Hey, I am trying to write a story set in an Anglo-Saxon world and I would really appreciate any info on the subject. Daily life is great and I would really like to know more about religious beliefs, such as the clash between pagan and Christian beliefs. I'm open to everything and anything that you guys want to shoot at me! Thanks for your help!


----------



## Jabrosky (Jun 7, 2012)

You should have posted this in the Research section of the forum, but I'll help anyway by giving you a link:

Regia Anglorum - Article Index


----------



## Chilari (Jun 7, 2012)

What are you talking about Jabrosky? It is in the Research forum. And always was. I did nothing. Nothing I tell you. It wasn't me.

Ahem.

My Anglo-Saxon knowledge is fairly limited, I'll admit, but my overall impression is that the lines between pagan and Christian religions was less a clash and more a sort of... smoosh. There are bits that overlap, aspects of pagan culture which were adopted into the Anglo-Saxon vision of Christianity. You can see this is some of the relgious art of the time, with the snake eating its own tail motif actually drawn from the Norse, based on Jormungand.

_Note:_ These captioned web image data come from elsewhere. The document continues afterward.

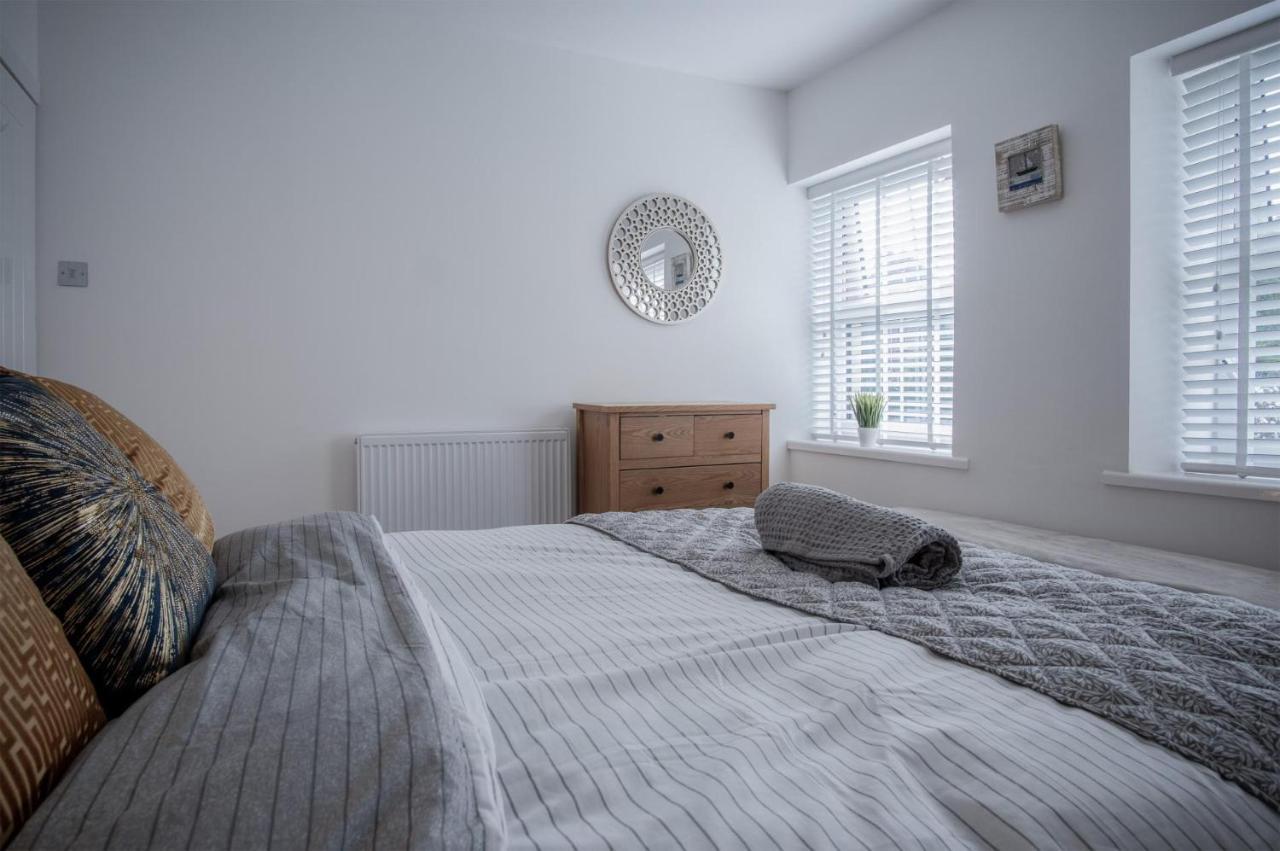 Hawtree Cottage - 2 Bedroom Cottage - Тенби Екстериор снимка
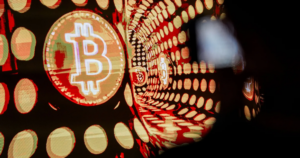 Giá bitcoin giảm sâu sau động thái bán ra của Strategy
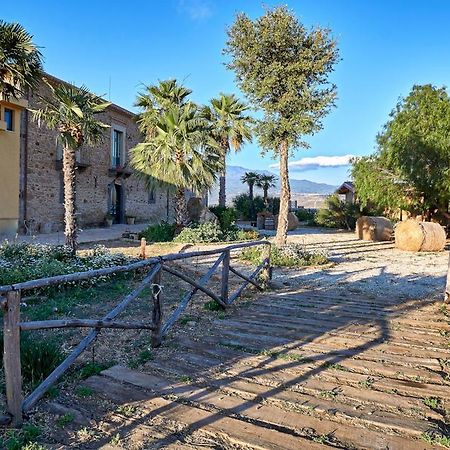 Agriturismo Conte Ruggero Villa Centuripe Екстериор снимка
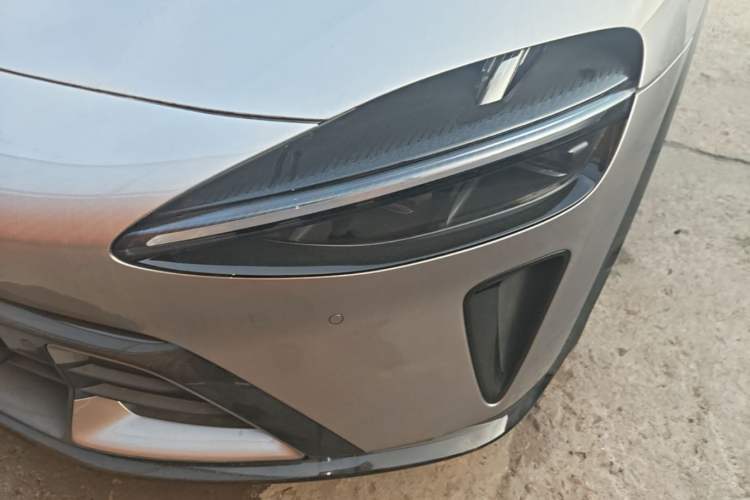Used Xiaomi Auto SU7 2024 Rear-Drive Long-Range Intelligent Driving Version Left Front Headlight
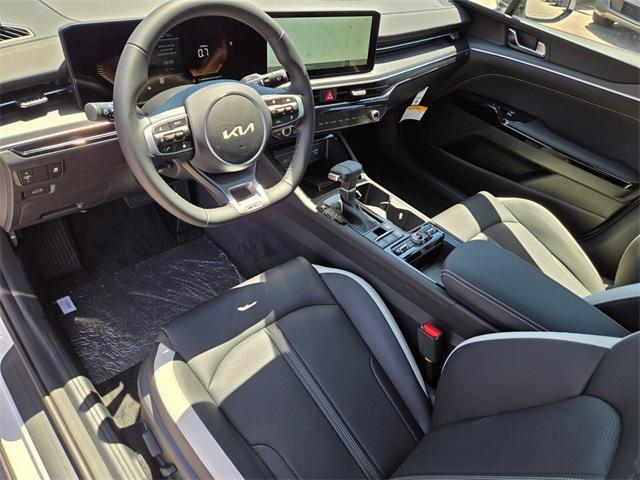 new 2025 Kia K5 car, priced at $30,045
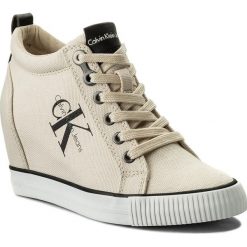 Sneakersy CALVIN KLEIN JEANS - Ritzy R3551 Ivory. Brązowe półbuty damskie Calvin Klein Jeans, bez wzorów, z jeansu, bez obcasa, na koturnie, bez zapięcia. W wyprzedaży za 309.00 zł.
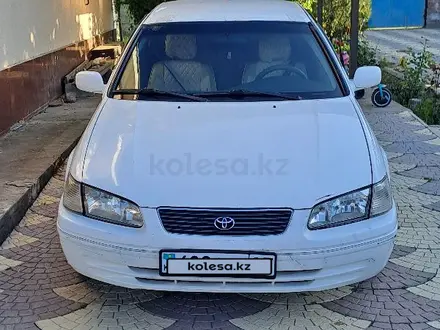 Toyota Camry 2000 года за 3 200 000 тг. в Алматы – фото 6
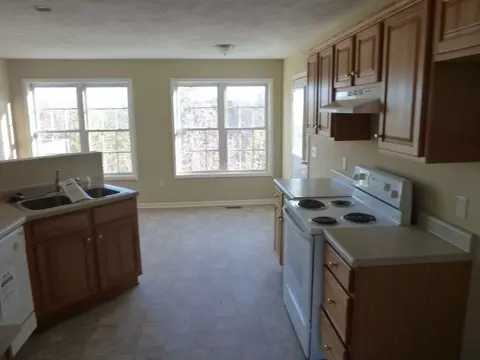 208 Eugene Dr NW, Roanoke, VA 24017 photo 3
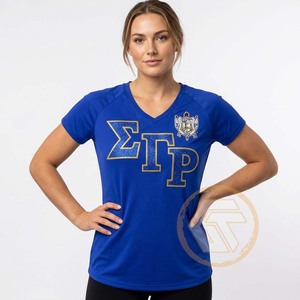 T-shirt décontracté d'été personnalisé pour femmes Sigma Gamma Rho, 100 % coton jersey respirant, col en V - Product Image 4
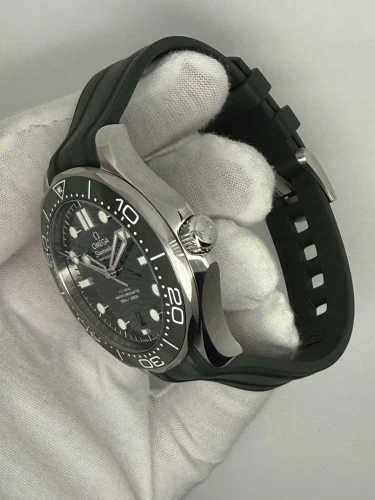 Omega Seamaster Diver 300M 42mm Stainless Steel Green Dial 210.32.42.20.10.001 2026
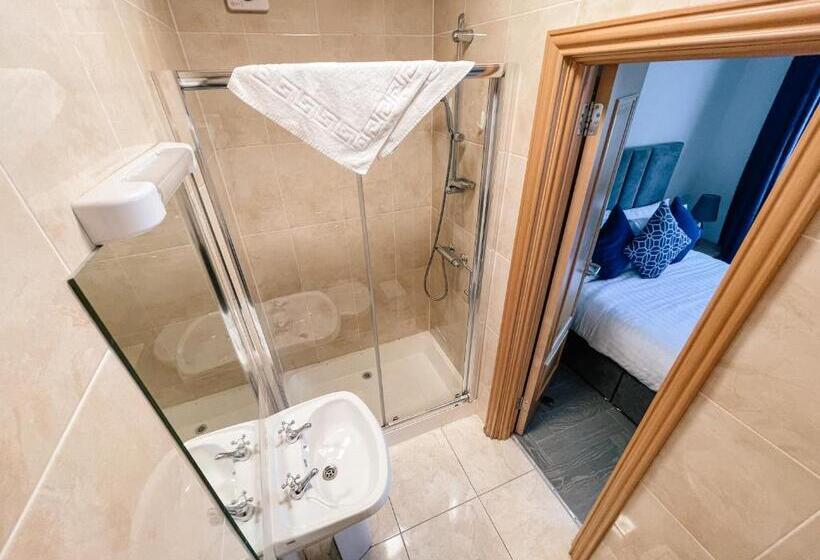 סטודיו סופריור, Broc House Suites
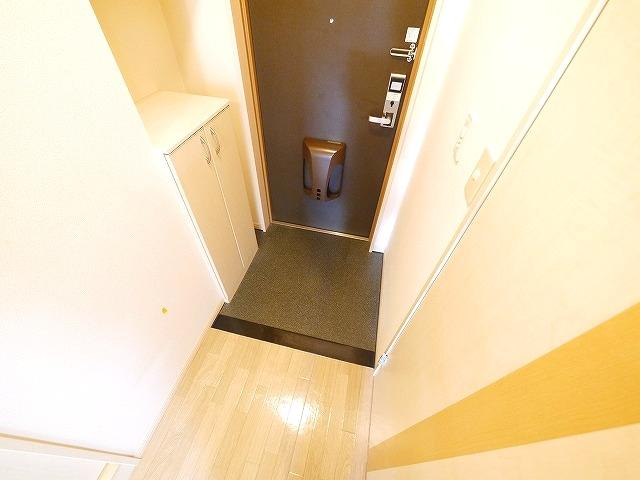 ゴールド・クレストの玄関|収納もある玄関です
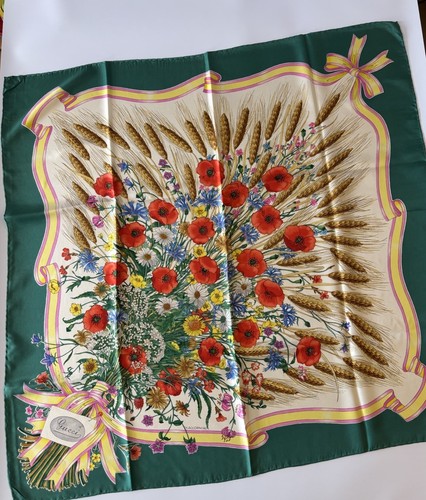 Vtg gucci silk scarf - gucci, vittorio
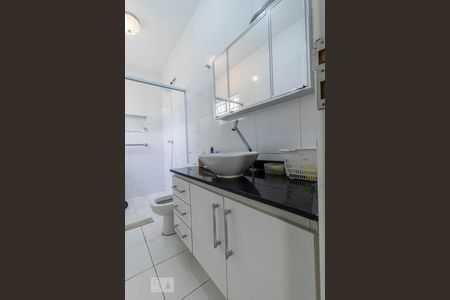 Casa à venda com 150m², 2 quartos e 2 vagas Casa à venda com 150m², 2 quartos e 2 vagasBanheiro da Suíte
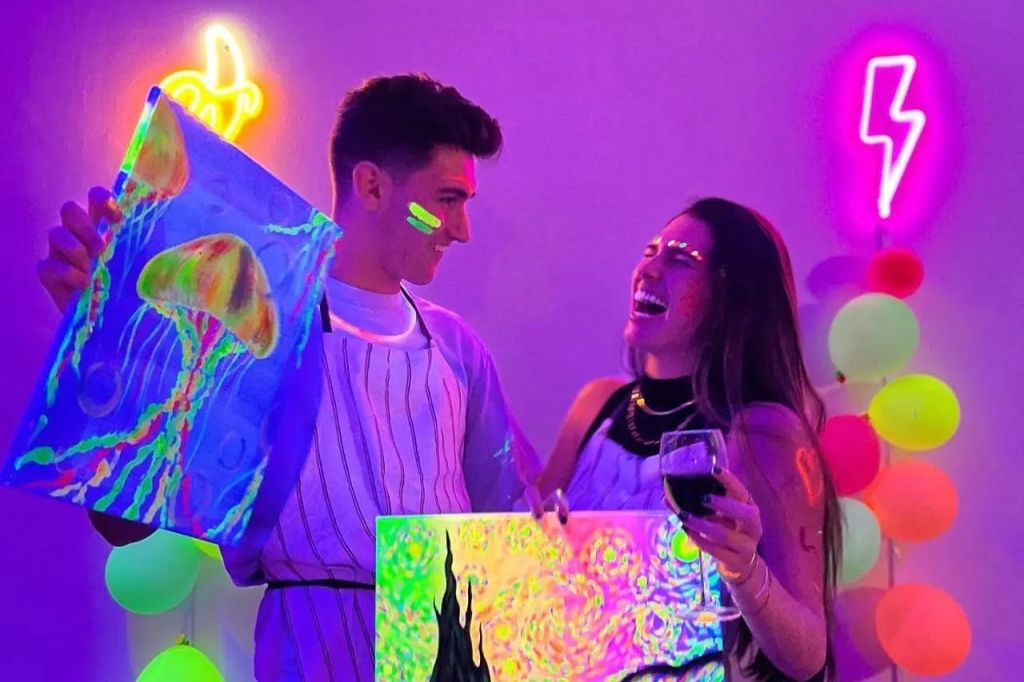 Valencia: Wine Gogh Glow Academy Paint and Drink Wine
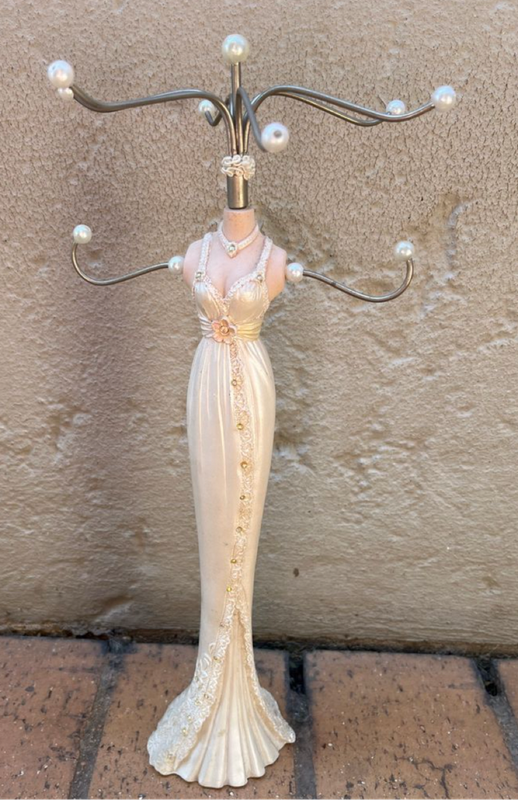 Jewellery holder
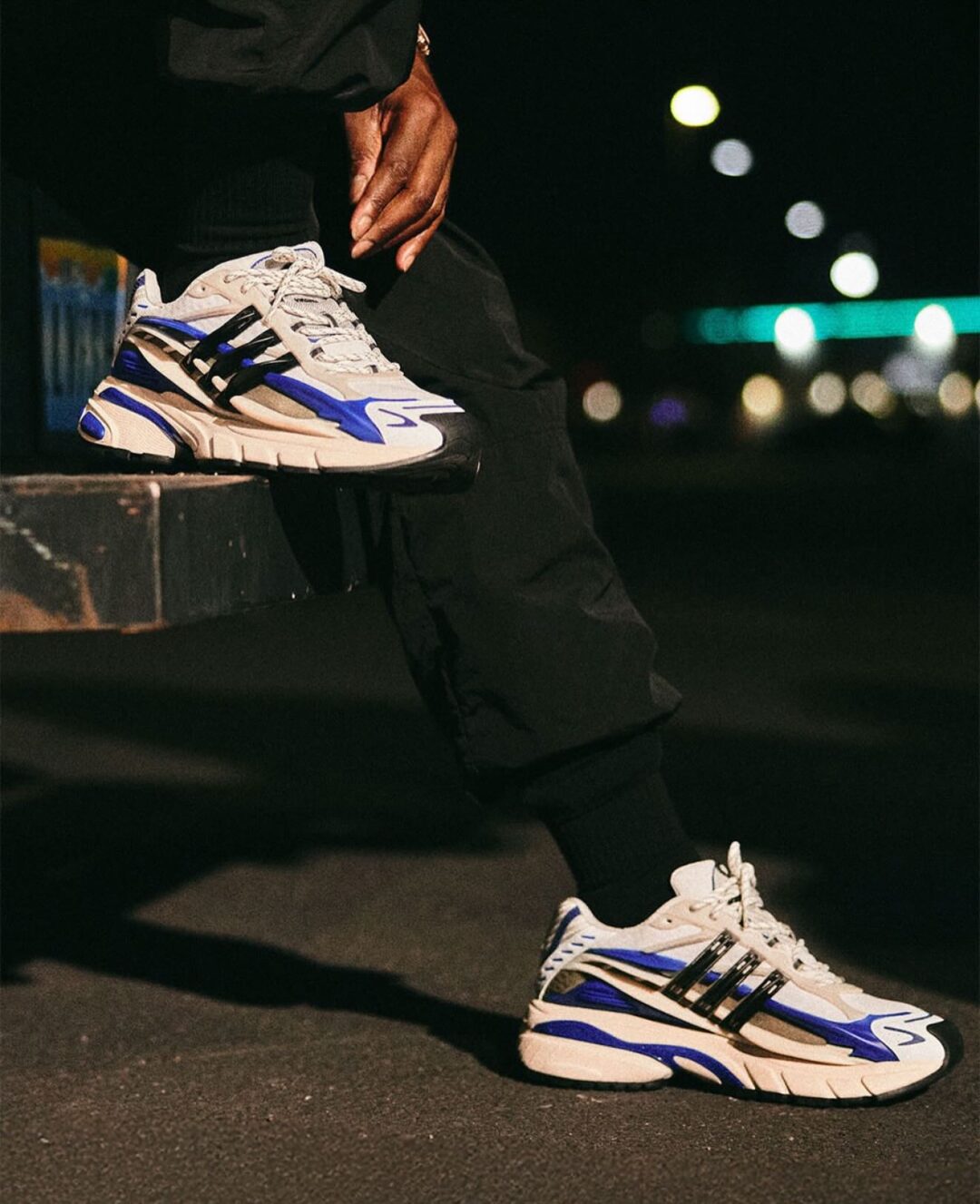 【2025年 10/26 & 2026年 2/14 発売予定】Pharrell Williams x adidas Originals JELLYFISH "White/Royal Blue" (ファレル・ウィリアムス アディダス オリジナルス ジェリーフィッシュ) [JP9263]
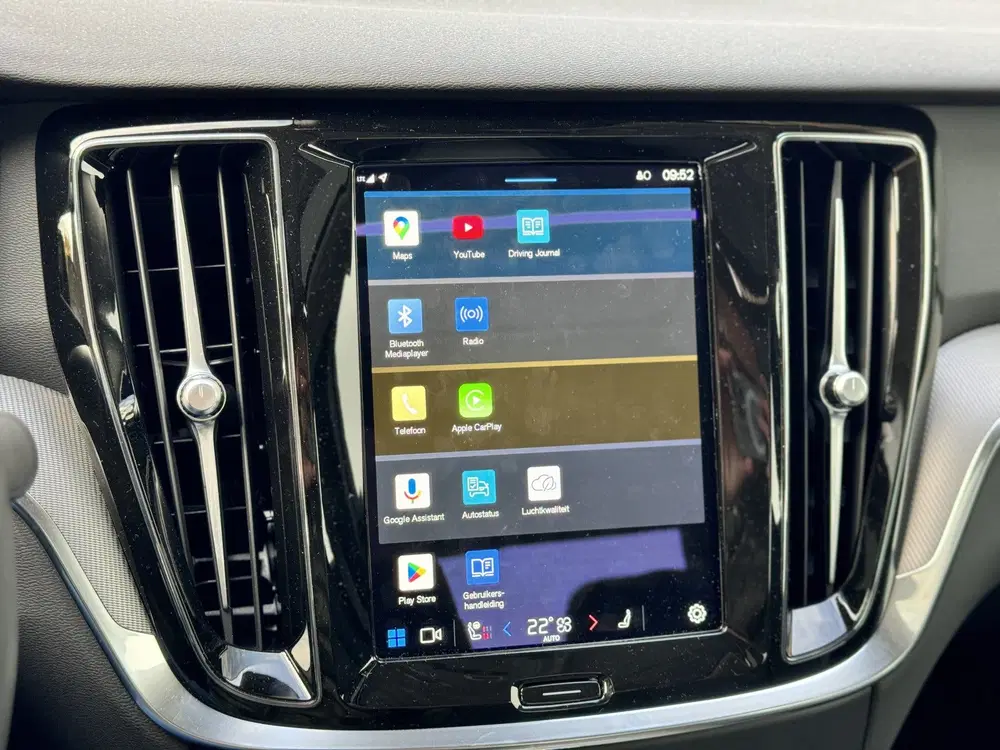 Volvo S60 2.0 B4 Automaat Plus Dark Panoramadak uit 2023, foto 14
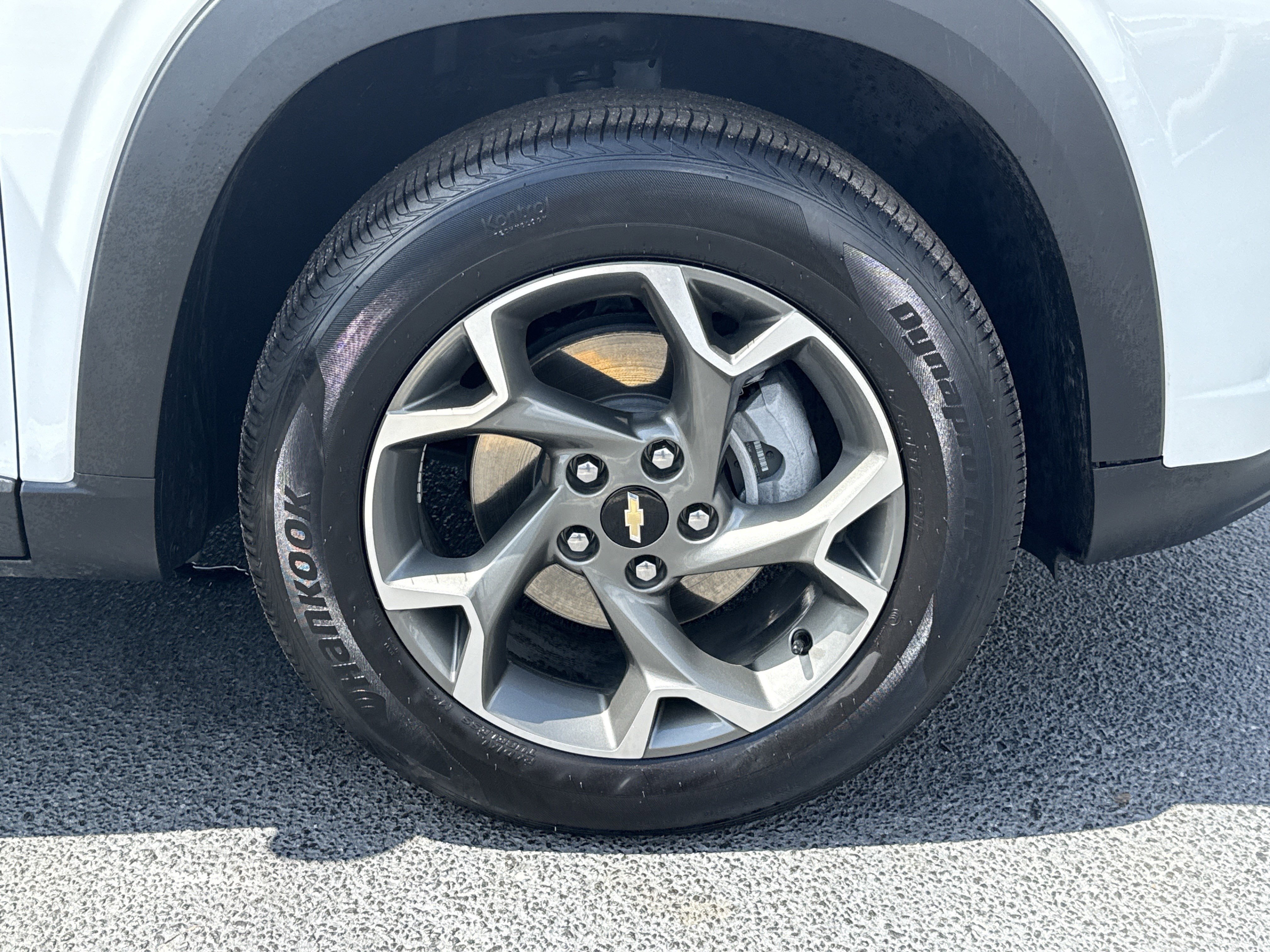 Used 2025 Chevrolet Trax LT FWD image 13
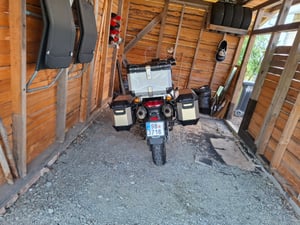 Top case en aluminium pour moto, avec intérieur en cuir et système de fixation rapide, de couleur noire. Coffre de moto en aluminium, livré avec 2 clés Photo du client 2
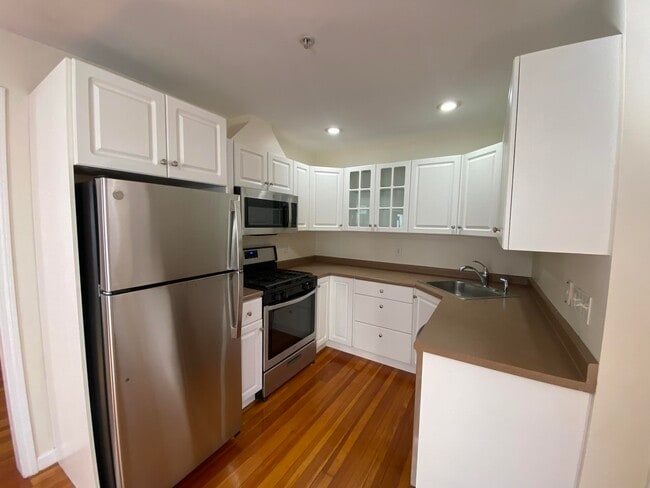 Photo - 5 Locke St Apartments Unit 1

I'd suggest looking at the Staffordshire Hoard as a starting point on Anglo-Saxon art.

This website seems to have some basic information that might help on the daily life side of things.


----------



## Ravana (Jun 8, 2012)

Chilari said:


> What are you talking about Jabrosky? It is in the Research forum. And always was. I did nothing. Nothing I tell you. It wasn't me.



LOL!

"Smoosh," indeed. The whole of Anglo-Saxon England was converted–officially, that is–in under a century. There were occasional vacillations during the period… most of which lasted a whole year or two. (Wessex seems to be the only significant exception.) That, however, is what the _rulers_ did: what the common folk did may have been rather different. I suspect that mostly what they did was not care one way or another, so long as they got to hold parties at the same times of year. Couldn't prove it offhand, though; that's been my impression about most religious conversions throughout much of history, however.

As for daily life, you can also try sources on northern Germany, Denmark and Norway during the same time, as that's where they came from, if you run dry on other options. Most of the details would be similar.


----------